Many families in our Yunnan placement communities respond to economic pressures by sending family members to work as migrant laborers in remote larger cities. Many children in Fellows’ schools thus grow up with one or both parents chronically absent and often receive care from elderly relatives. At the same time, the children themselves face the same pressure to leave school early and find migrant work, and many students drop out of school before completing middle school. Many placement communities in Yunnan are home to large numbers of Chinese ethnic minority groups, including the Bai, Yi, Lisu, Miao, Wa, and Hui peoples. As a result, teachers in these communities face myriad challenges as they navigate not only socioeconomic disparities, but also cross-cultural friction, language barriers, and racial discrimination. Public schools in our Yunnan placement schools are chronically short of teachers. The province has the third-highest student-teacher ratio in China and each class typically has as many as 40-60 students. Students receive little if any individualized attention and support to help them overcome the challenges they face in and outside of the classroom.
Teach For China places Fellows in two neighboring counties in Shantou Prefecture in eastern Guangdong province. The region is known for distinctive music, opera, and food, which set it apart from the rest of Guangdong. Although the province as a whole has been at the forefront of China’s economic expansion of the last two decades, Shantou has been largely excluded from this growth and has been designated by provincial authorities as a high need area. As a result of Shantou’s proximity to the booming manufacturing centers of Guangdong, students there face substantial pressure to forego their studies in order to work. Students work on evenings and weekends at home or in nearby factories to help support their families.

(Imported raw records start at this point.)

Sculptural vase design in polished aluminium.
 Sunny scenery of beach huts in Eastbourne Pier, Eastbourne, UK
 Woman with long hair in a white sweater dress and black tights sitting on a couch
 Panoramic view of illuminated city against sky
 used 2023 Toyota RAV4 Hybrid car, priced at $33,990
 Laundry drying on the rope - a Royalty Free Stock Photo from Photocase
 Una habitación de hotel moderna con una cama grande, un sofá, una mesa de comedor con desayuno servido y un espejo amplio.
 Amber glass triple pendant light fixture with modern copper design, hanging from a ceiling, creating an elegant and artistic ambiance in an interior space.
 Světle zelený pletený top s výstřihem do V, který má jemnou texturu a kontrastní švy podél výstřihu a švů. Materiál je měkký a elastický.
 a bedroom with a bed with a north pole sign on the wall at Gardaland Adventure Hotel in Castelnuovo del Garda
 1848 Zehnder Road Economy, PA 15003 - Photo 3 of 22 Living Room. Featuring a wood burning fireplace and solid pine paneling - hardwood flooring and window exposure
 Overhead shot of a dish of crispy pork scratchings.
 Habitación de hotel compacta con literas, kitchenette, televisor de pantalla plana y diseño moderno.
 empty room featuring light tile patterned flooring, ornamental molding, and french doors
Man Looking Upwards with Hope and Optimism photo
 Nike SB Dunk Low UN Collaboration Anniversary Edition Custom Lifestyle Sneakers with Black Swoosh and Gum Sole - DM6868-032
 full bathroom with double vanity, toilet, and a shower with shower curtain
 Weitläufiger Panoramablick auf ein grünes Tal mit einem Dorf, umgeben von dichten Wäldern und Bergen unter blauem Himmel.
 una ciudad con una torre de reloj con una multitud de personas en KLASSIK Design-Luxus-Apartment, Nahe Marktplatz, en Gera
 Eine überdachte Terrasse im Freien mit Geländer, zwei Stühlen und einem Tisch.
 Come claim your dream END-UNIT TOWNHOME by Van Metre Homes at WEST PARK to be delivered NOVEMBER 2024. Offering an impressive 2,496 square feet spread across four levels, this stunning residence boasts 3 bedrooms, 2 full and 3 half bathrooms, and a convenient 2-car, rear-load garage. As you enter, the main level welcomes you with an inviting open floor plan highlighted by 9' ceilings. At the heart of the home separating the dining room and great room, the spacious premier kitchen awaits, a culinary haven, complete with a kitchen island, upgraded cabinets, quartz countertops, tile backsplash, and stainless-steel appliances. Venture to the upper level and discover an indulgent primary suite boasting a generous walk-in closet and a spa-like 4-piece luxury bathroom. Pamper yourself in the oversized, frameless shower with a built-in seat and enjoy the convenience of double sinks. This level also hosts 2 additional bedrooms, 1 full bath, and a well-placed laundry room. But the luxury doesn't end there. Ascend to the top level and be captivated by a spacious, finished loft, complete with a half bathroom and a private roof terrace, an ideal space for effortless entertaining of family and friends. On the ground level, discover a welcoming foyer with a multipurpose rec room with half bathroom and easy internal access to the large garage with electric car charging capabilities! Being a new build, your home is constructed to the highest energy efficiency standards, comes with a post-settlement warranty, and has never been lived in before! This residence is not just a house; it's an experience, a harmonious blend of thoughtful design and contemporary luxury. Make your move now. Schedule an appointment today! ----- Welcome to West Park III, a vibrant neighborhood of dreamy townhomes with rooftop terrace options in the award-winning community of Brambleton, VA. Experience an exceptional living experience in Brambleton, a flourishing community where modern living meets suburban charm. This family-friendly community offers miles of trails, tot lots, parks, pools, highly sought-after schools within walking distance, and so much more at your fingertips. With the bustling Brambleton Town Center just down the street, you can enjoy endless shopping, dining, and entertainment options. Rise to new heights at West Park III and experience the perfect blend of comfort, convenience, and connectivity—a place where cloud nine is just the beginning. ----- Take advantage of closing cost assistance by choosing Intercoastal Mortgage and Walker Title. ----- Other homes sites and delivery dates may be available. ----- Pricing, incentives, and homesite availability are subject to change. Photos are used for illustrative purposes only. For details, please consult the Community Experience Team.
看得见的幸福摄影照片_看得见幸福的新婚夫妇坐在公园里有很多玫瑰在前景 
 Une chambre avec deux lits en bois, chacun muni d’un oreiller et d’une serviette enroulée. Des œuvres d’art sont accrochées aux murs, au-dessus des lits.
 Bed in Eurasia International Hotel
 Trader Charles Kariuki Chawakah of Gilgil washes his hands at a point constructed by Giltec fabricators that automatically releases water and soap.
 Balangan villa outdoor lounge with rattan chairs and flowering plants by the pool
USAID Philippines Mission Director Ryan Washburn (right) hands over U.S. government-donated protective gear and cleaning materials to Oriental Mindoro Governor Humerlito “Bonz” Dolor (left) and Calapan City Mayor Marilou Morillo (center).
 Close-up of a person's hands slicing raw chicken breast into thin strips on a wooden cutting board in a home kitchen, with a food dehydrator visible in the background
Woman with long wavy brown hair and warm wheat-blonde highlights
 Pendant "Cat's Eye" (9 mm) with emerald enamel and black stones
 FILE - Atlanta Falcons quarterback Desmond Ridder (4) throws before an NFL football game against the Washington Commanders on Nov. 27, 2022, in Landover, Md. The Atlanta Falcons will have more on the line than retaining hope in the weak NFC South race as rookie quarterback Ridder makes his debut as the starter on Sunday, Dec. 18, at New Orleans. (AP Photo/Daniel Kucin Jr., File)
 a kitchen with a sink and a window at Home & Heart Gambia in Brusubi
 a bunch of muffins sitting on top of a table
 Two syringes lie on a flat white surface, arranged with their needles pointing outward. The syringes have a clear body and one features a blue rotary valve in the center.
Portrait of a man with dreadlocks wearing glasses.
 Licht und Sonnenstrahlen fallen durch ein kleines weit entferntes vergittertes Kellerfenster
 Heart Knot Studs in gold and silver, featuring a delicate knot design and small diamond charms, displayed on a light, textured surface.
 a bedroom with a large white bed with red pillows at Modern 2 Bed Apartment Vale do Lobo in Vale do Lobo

While many urban communities and schools in Guangdong benefit from remittances and other donations from overseas Chinese communities, the schools in Shantou are consistently overlooked and have not benefited from this supplementary source of income. Although Shantou schools enjoy good physical infrastructure compared to schools in Yunnan, these schools are plagued by persistent teacher shortages. Guangdong’s student-teacher ratios run far above the national average, and Shantou has some of the highest ratios in all of Guangdong. Consequently, class sizes are overwhelmingly large, averaging 60-90 students per teacher. Furthermore, teachers have little or no access to support and evaluative systems, such that new teachers do not receive the training and guidance needed to succeed in challenging classrooms.